Consider this: while these organizations agonized over the issue of annexation, the UN Office for the Coordination of Humanitarian Affairs (UNOCHA) released a report that revealed the Israeli military had demolished at least 70 Palestinian buildings in the West Bank during the first two weeks of June, displacing 90 Palestinians. This represented a 250% increase over the weekly average of home demolitions since the beginning of 2020. It was also reported that the during this period the Israeli military forced 20 Palestinian households in East Jerusalem to knock down their own newly-built homes themselves.
This, to put it plainly, is annexation. Annexation is an institutional process by which Israel dispossesses Palestinians so that it can maintain a demographic advantage on land it has long sought to control. Annexation is not a line to be crossed by the Israeli government sometime down the road. It has been happening since 1948 and it is happening right now. And it will continue to happen until the racist system that enables it is finally dismantled.

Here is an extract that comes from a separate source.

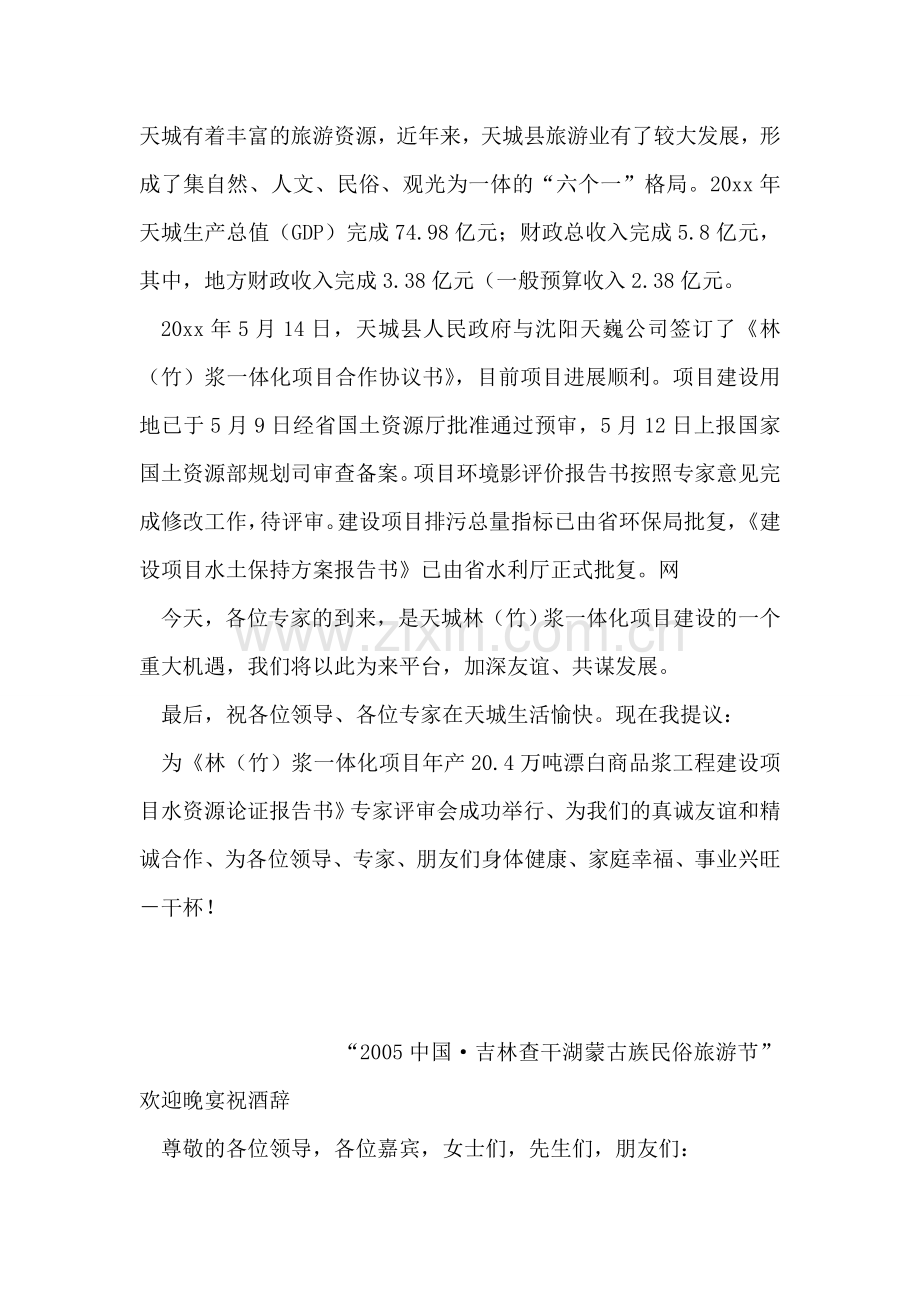 县长在项目专家评审会晚宴致辞.doc_第2页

I know this sounds harsh – perhaps terrifyingly unthinkable – to many in the American Jewish community. But in this powerful political moment, it should be clearer than ever that equity, justice and rights for all people will only happen when we honestly reckon with the legacy of institutional racism. So yes, let’s protest annexation. But let us also commit to fundamentally changing the structures that have been enabling it for far too long.